Die Geräuschkulisse ist dem Thema angemessen. Bei Paul Jonas im Krieg vernichtend, in der Netzwelt manchmal kalt und steril, häufig vertraut, aber dennoch fremd. Futuristisch, aber nicht ohne Gegenwartsbezug.

Otherland ist sicherlich ein sehr interessantes Hörspiel, das aufgrund seiner Komplexität aber nicht jedem zu empfehlen ist. Die sechs CDs lassen sich nicht einfach nebenbei hören, sondern verlangen einiges an Konzentration. Aufgrund der erwähnten Kürzungen wird es außerdem unumgänglich sein, auf die Bücher zurückzugreifen, um Unklarheiten im Ansatz aus dem Weg zu schaffen.

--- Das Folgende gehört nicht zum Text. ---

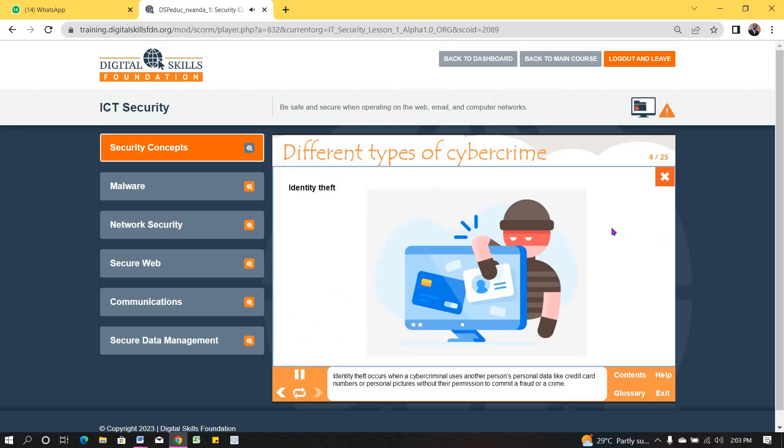Identity theft occurs when a cybercriminal uses another person's personal data, like credit card numbers or personal pictures, without their permission to commit a fraud or a crime.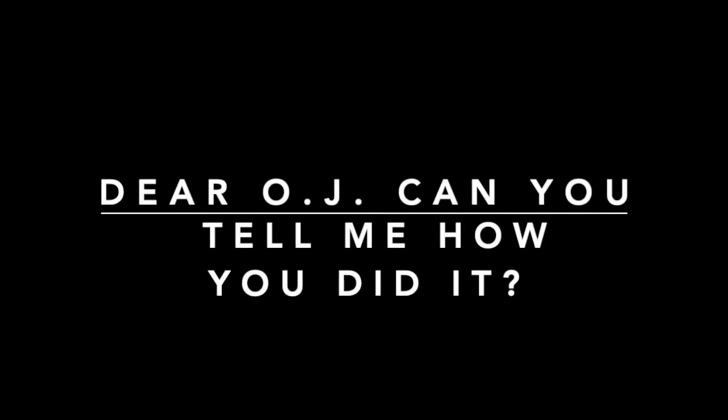Dear O.J., can you tell me how you did it? Cause like you I need to walk scot free.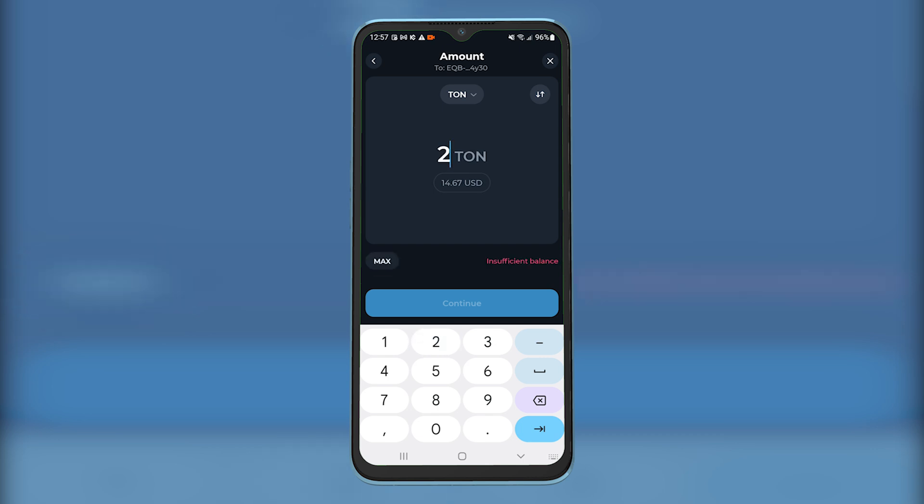Once you tap on Continue, you will get a pop-up to confirm your order. Once you confirm it, your crypto transfer will be successful and you will see the transferred crypto after some time in your BitGet wallet.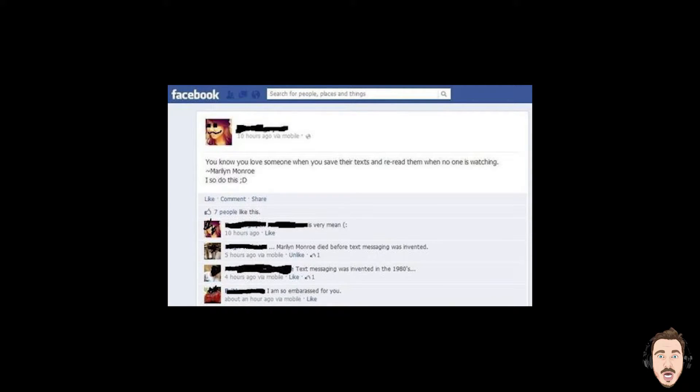You know you love someone when you save their texts and reread them when no one is watching. Marilyn Monroe. And I know everybody thought Marilyn Monroe was way ahead of her time, but texting, really? You have to put stuff like that, it just beggars belief. I mean, the comments below really kind of say enough of what it already is anyway.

So scheint mir die Vertonung eher für die Hörer geeignet, die das Buch schon gelesen haben und einfach gespannt sind, wie die Phantasie Tad Williams als Hörspiel ‚ausschaut’. Der jungfräuliche Hörer hingegen wird ein wenig zu sehr ins kalte Nass gestossen, so dass das Hörspiel nicht für sich stehen kann, dafür aber sicherlich das Interesse an der Saga weckt. Hilfreich bei manchen Verständnisproblemen dürfte neben den umfangreichen Informationen im Booklet außerdem das extra zum Hörspiel eingerichtete Webfeature sein.
Wer sich hingegen über Cliffhanger ärgert und eine abgeschlossene Erzählung erwartet, sollte warten, bis alle vier Bücher ihren Weg in den Katalog des Hörverlags gefunden haben. Der Frust könnte sonst nach den ersten sechs Stunden groß sein.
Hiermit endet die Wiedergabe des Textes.